The function is continuous at all these points. Now we check differentiability.

Step 2: Check for differentiability at the points where the definition changes and at $x=0$.

We need to compare the left-hand derivative (LHD) and the right-hand derivative (RHD) at each point.

• At $x = -2$:

  • For $x < -2$, $f(x) = 8 + 2x$. The derivative is $f'(x) = 2$. So, LHD at $x=-2$ is $2$.
  • For $x > -2$ (and $x \le -1$), $f(x) = x^2$. The derivative is $f'(x) = 2x$. So, RHD at $x=-2$ is $2(-2) = -4$. Since LHD ($2$) $\ne$ RHD ($-4$), $f(x)$ is not differentiable at $x = -2$.

• At $x = -1$:

  • For $x < -1$ (and $x \ge -2$), $f(x) = x^2$. The derivative is $f'(x) = 2x$. So, LHD at $x=-1$ is $2(-1) = -2$.
  • For $x > -1$ (and $x < 1$), $f(x) = |x|$.
    • For $-1 < x < 0$, $f(x) = -x$, so $f'(x) = -1$.
    • For $0 < x < 1$, $f(x) = x$, so $f'(x) = 1$. The RHD at $x=-1$ is the derivative of $|x|$ as $x$ approaches $-1$ from the right.
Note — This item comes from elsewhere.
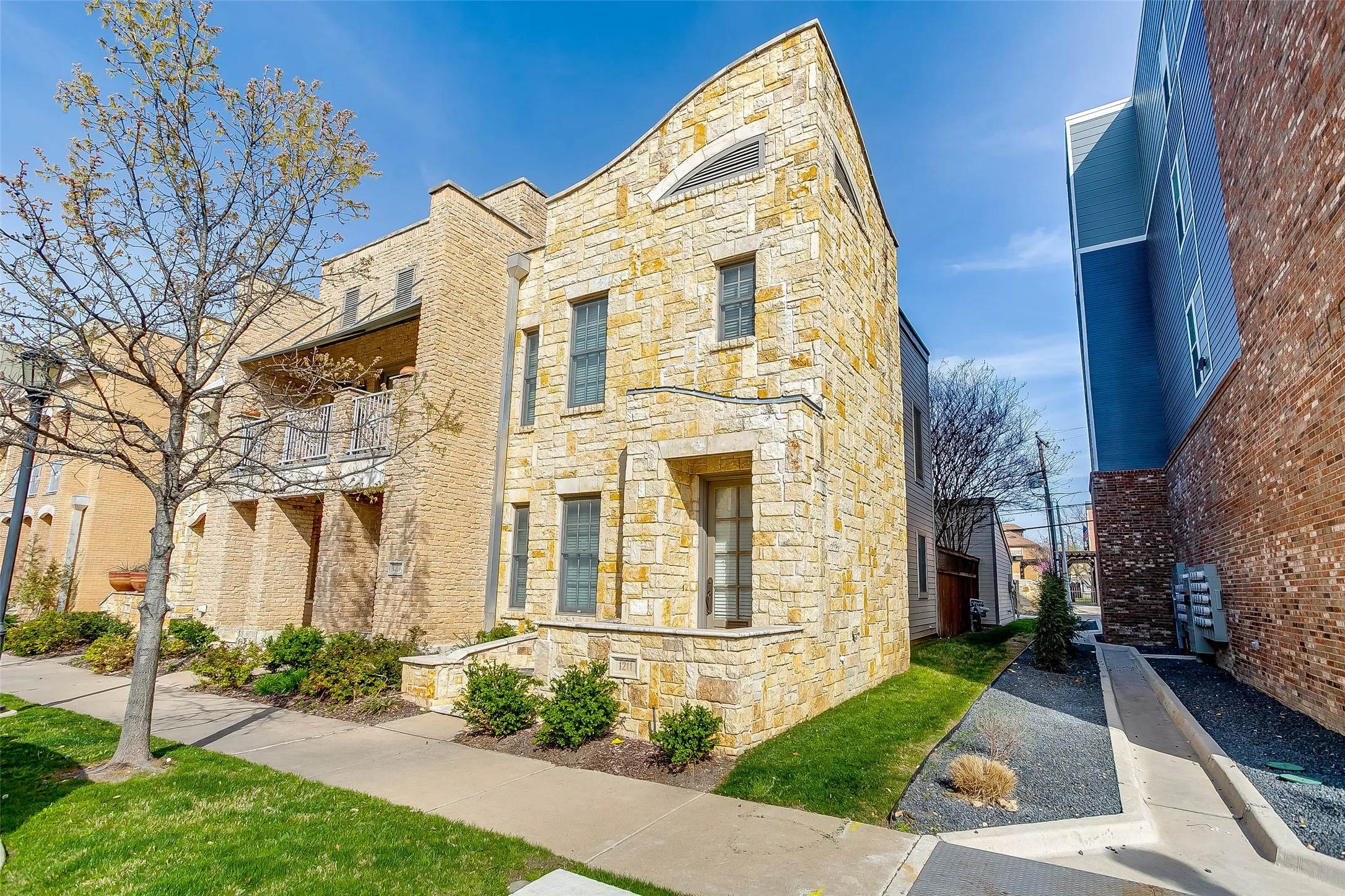 Stone veneer exterior featuring varied textures and window styles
Since $-1 < x < 0$, $f(x) = -x$, so the derivative is $-1$. Thus, RHD at $x=-1$ is $-1$. Since LHD ($-2$) $\ne$ RHD ($-1$), $f(x)$ is not differentiable at $x = -1$.

• At $x = 0$:

  • The function in the neighborhood of $x=0$ is $f(x) = |x|$.
  • The function $|x|$ is known to be not differentiable at $x=0$.
  • Let's verify:
    • LHD at $x=0$: $\lim_{h \to 0^-} \frac{f(0+h) - f(0)}{h} = \lim_{h \to 0^-} \frac{|h| - 0}{h} = \lim_{h \to 0^-} \frac{-h}{h} = -1$.
    • RHD at $x=0$: $\lim_{h \to 0^+} \frac{f(0+h) - f(0)}{h} = \lim_{h \to 0^+} \frac{|h| - 0}{h} = \lim_{h \to 0^+} \frac{h}{h} = 1$. Since LHD ($-1$) $\ne$ RHD ($1$), $f(x)$ is not differentiable at $x = 0$.

• At $x = 1$:

  • For $x < 1$ (and $x > -1$), $f(x) = |x|$.
    • For $0 < x < 1$, $f(x) = x$, so $f'(x) = 1$. The LHD at $x=1$ is the derivative of $|x|$ as $x$ approaches $1$ from the left. Since $0 < x < 1$, $f(x) = x$, so the derivative is $1$. Thus, LHD at $x=1$ is $1$.
  • For $x > 1$ (and $x \le 2$), $f(x) = x^2$. The derivative is $f'(x) = 2x$. So, RHD at $x=1$ is $2(1) = 2$. Since LHD ($1$) $\ne$ RHD ($2$), $f(x)$ is not differentiable at $x = 1$.

• At $x = 2$:

  • For $x < 2$ (and $x \ge 1$), $f(x) = x^2$. The derivative is $f'(x) = 2x$. So, LHD at $x=2$ is $2(2) = 4$.
  • For $x > 2$, $f(x) = 8 - 2x$. The derivative is $f'(x) = -2$. So, RHD at $x=2$ is $-2$. Since LHD ($4$) $\ne$ RHD ($-2$), $f(x)$ is not differentiable at $x = 2$.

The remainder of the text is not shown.